The spindle chuck is connected to a closed-loop controlled piezo actuator model Thorlabs PAZ015, able to stroke 100 µm in a resolution of 25 nm. Such adoption has two main reasons: (1) achieving precise electrode calibration towards the workpiece and (2) providing rapid move back in case of short circuits.

The selected electrode is a round bar of brass with 7 mm diameter and 30 mm of useful length. The electrode has a central hole of 2 mm in diameter to improve flushing, resulting in a useful machining area of 35.3 mm2 (Fig. 3). The dielectric type is deionised water, while the workpiece is made of tool steel class P20-DIN 1.2738.

Fig. 3
figure 3

Electrode rod with an internal dielectric channel

3.3 Simulating robot vibration in Milling EDM

Since even low forces can induce a harmonic response, the robot and end-effector tool arrangements were investigated using FEM. We focused on vibrations along with the Z-axis, which represents the gap between the electrode and the workpiece and may result in short circuits. The risk of vibration is assessed using ANSYS R19 [36] and the steps of Almeida et al. [37], however adapted to consider a rotating electrode that vibrates due to the eccentric mass of the spindle [38]. Since the vibration force is proportional to the square of the rotation rate, the spindle rotation will be fixed at 1800 RPM. The EDM reaction forces acting on the electrode are caused by bubble formation [39], and the adopted value of 0.11 N is calculated according to Adachi et al. [40]. Finally, Table 1 presents the material properties for each simulated component.

Table 1 Material properties for the robot simulation

As shown in Table 2, the natural frequency modes of the system were mapped.

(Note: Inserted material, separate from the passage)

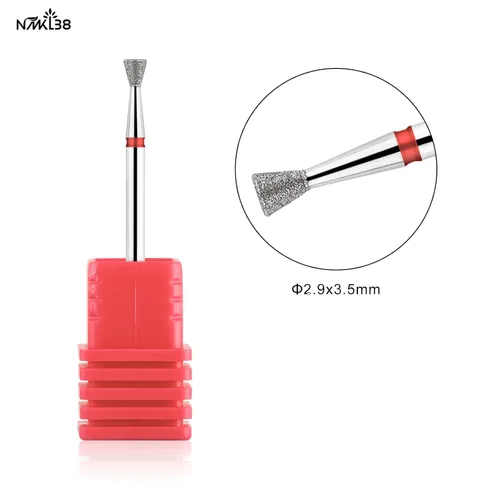 Miniatura 2 de Brocas de diamante cónico para preparación de uñas 3/32 vástago de broca limpiador de cutículas herramienta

At the same time, Fig. 4 depicts the effect of vibrations for the lowest (B) and highest (A) amplitudes.

Table 2 Mapping 10 natural frequency modes of the Robotic MEDM system
Fig. 4
figure 4

Minimal and maximal total deformation from 10 natural frequency modes

By focusing on the electrode Z-axis, Fig. 5 shows that the amplitude decreases with the increase of pulse frequency. Thus, even light forces of EDM combined with low pulse frequencies present a real risk of prohibitive vibrations, short circuits, and poor accuracy in robotic MEDM. In other words, for the system here presented, frequencies below 528.42 Hz will generate prohibitive vibrations, while frequencies above 460 Hz can offer a feasible electrode gap oscillation lower than 0.06 μm. Since EDM can be performed in a broad range of frequencies from 2 kHz to 0.5 MHz, the experiment’s amendments consist solely of keeping the pulse frequency above the natural frequencies.

Fig. 5
figure 5

Electrode frequency response on Z-axis

A triaxial piezoelectric accelerometer Kistler 8694M1 was attached to the end-effector to capture the range of vibrations using a decoder type 5134B. The sensor weighs only 2.5 g and has a frequency response from 10 to 20,000 Hz. Lastly, the accelerometer is grounded, isolated, and sampled at 1500 Hz.

3.4 Robotic milling EDM control

This section approaches two main controlling aspects: (1) cutting-path programming and (2) EDM adaptive robot speed control.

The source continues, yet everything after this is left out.